Taken together, these dynamics frame 2026 not as a year of surplus comfort, but as a year where the seeds of future tightness are planted. A temporary dip in prices would not be surprising in Q1, but it would represent short-term noise rather than long-term equilibrium. The structural reality is simple: the world will require sustained investment to prevent a supply crunch in the early 2030s, and that investment only materialises if prices remain high enough to justify long-cycle commitments.

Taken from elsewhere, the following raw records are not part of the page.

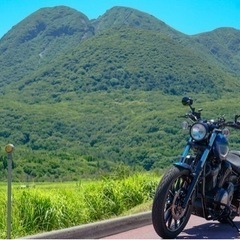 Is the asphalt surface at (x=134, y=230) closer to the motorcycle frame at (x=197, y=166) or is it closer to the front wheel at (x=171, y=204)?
the front wheel at (x=171, y=204)

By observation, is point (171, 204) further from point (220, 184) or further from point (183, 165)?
point (220, 184)

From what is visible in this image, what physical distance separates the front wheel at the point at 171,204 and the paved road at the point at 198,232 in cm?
20

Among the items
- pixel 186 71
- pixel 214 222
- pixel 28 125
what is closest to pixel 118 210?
pixel 214 222

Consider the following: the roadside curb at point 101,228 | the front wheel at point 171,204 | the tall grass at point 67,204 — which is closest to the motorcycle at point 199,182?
the front wheel at point 171,204

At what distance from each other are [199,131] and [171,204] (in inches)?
31.2

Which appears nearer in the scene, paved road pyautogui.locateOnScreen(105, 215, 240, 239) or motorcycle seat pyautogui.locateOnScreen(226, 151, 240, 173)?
paved road pyautogui.locateOnScreen(105, 215, 240, 239)

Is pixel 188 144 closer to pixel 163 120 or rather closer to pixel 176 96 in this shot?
pixel 163 120

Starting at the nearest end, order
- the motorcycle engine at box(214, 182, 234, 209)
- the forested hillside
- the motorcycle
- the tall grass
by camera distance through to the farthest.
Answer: the motorcycle < the tall grass < the motorcycle engine at box(214, 182, 234, 209) < the forested hillside

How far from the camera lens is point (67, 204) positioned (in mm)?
6109

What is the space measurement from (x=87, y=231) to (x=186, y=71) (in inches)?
4797

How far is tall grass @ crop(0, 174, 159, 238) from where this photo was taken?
5.49 metres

The market must therefore choose between two paths. It can allow prices to firm gradually—supporting the drilling, upstream expansion and long‑cycle projects required over the coming decade—or it can risk far sharper price increases later as scarcity becomes the dominant driver. Even with a short‑term overhang, deferring investment only amplifies future tightness. The core message is not that a surplus looms in 2026, but that meeting future demand requires a sustainably higher price environment. The earlier that price signal appears, the lower the eventual peak is likely to be. A disorderly surge in crude prices benefits no one, especially producers depending on crude production as their main revenue generator as it accelerates the shift toward alternatives, tightens financial conditions and risks renewed inflation alongside slower growth.
For investors looking to position for structurally higher crude, the integrated oil majors remain the most direct and liquid route. The sector continues to trade at modest valuations relative to broader equity markets, with earnings multiples still discounting a world where long‑term oil demand stagnates. The IEA’s shift away from early peak‑demand narratives challenges that assumption, and the combination of low valuations and strong free cash flow makes the majors natural beneficiaries of a firmer price environment.
The five largest integrated producers—ExxonMobil, Chevron, Shell, BP and TotalEnergies—offer diversified exposure across upstream, downstream and low‑carbon assets. Their upstream operations provide leverage to rising crude, while refining and marketing divisions help stabilise earnings. With disciplined capex and an emphasis on dividends and buybacks, these companies are well‑positioned if crude prices strengthen in line with the structural outlook.
For broader exposure, investors can consider energy‑focused ETFs. XLE and IOGP provide large‑cap integrated and upstream coverage, while XOP offers a higher‑beta alternative via exploration and production companies. These instruments offer diversified, liquid exposure to a sector that remains attractively priced relative to both historical norms and other commodity‑linked industries.
If the market shifts toward a higher and more durable price regime—as supply‑demand fundamentals suggest—the energy equity complex offers a balanced way to participate, combining income with leverage to a structurally tighter crude market.